FM Magazine sounded out Paresh Raja, CEO of Market Financial Solutions (MFS) and Shojun CEO, Jatin Ondhia, on the 50 basis point hike in interest rates announced today by the Bank of England.
Paresh Raja, CEO, MFS, says: “The property market is being pulled strongly in two different directions. Today’s interest rate hike is significant, impacting both prospective homebuyers along with existing mortgage customers; this threatens to act as a bucket of cold water on what remains a red-hot market.
“But then, the strong rumours of a stamp duty cut in tomorrow’s mini budget will spin matters in another direction. Coupled with the decision to scrap affordability tests, it is clear that the Government will do all it can to fuel a lucrative, buoyant property market.
“We saw it with the stamp duty holiday during the pandemic – when backed into a corner, the Conservative Government is keen to err on being pro-property. It will be fascinating to watch how rising interest rates and high inflation play off against the touted stamp duty cut. I suspect, as recent years have shown, the property market will continue to thrive in the face of significant demand and limited supply.”

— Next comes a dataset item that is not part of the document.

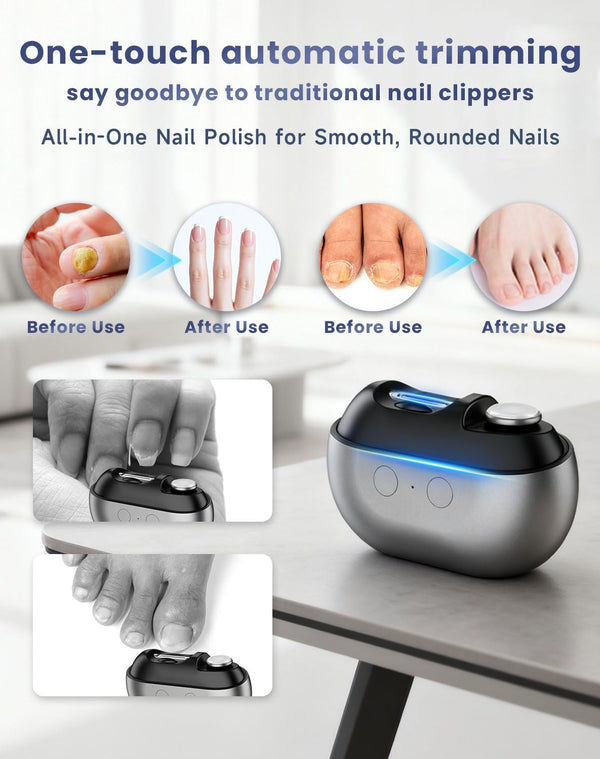 EasyClip Smart Nail Trimmer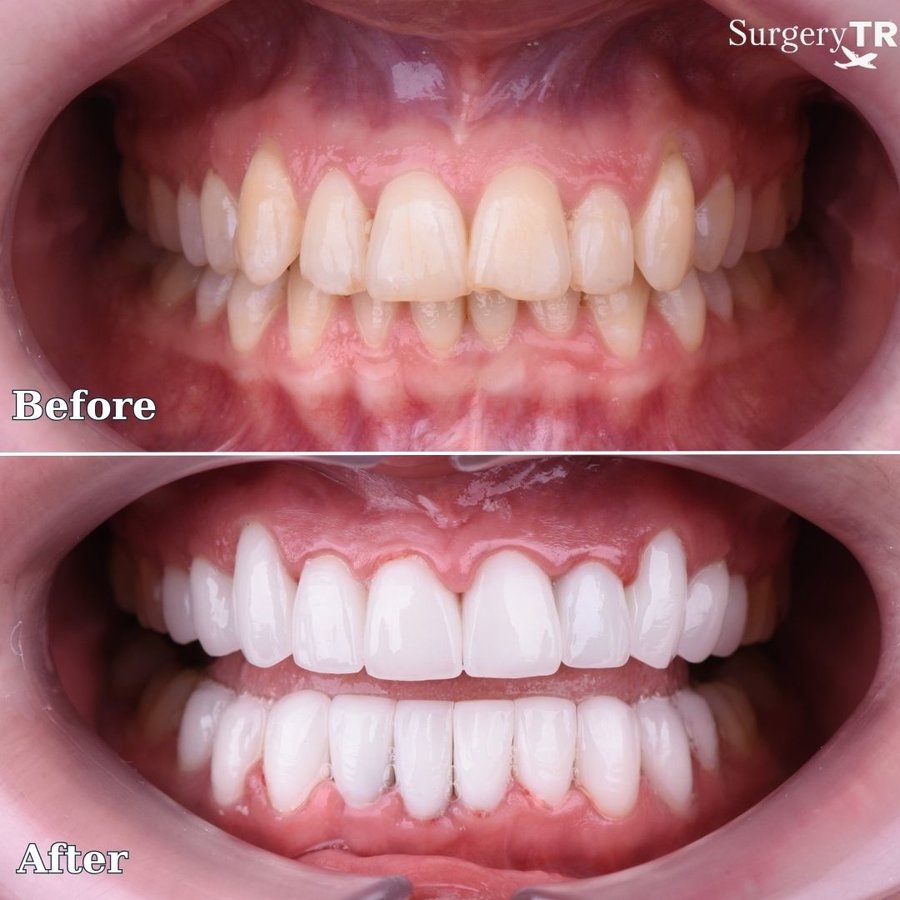 SurgeryTR - Istanbul - SurgeryTR - Istanbul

Jatin Ondhia, CEO, Shojin, adds: “The continued rise of interest rates will naturally cause a stir across financial markets. It’s clear the Bank of England is fighting inflation six ways to Sunday – it is unlikely to remove its foot from the economic brake pedal for the foreseeable future. So, even though we have grown somewhat accustomed to it, the turbulence of rising rates and inflation will spook some investors.
“When it comes to navigating the testing climate, agility and diversification will be particularly important. This is no time for knee-jerk decisions, yet at the same time, a laissez faire approach could leave investors over-exposed to the current macroeconomic headwinds. Investors must have the foresight to evaluate their strategies against the complex dynamics at play and consider which assets are likely to offer the best shelter.
“Against the current backdrop, it should be expected that many investors will look to balance traditional and alternative investments. Real estate could prove particularly popular if indeed the Chancellor does announce a stamp duty cut in tomorrow’s mini-Budget. Bricks and mortar always attract significant demand from domestic and international investors, but I would predict this demand will rise notably if tax incentives are introduced.”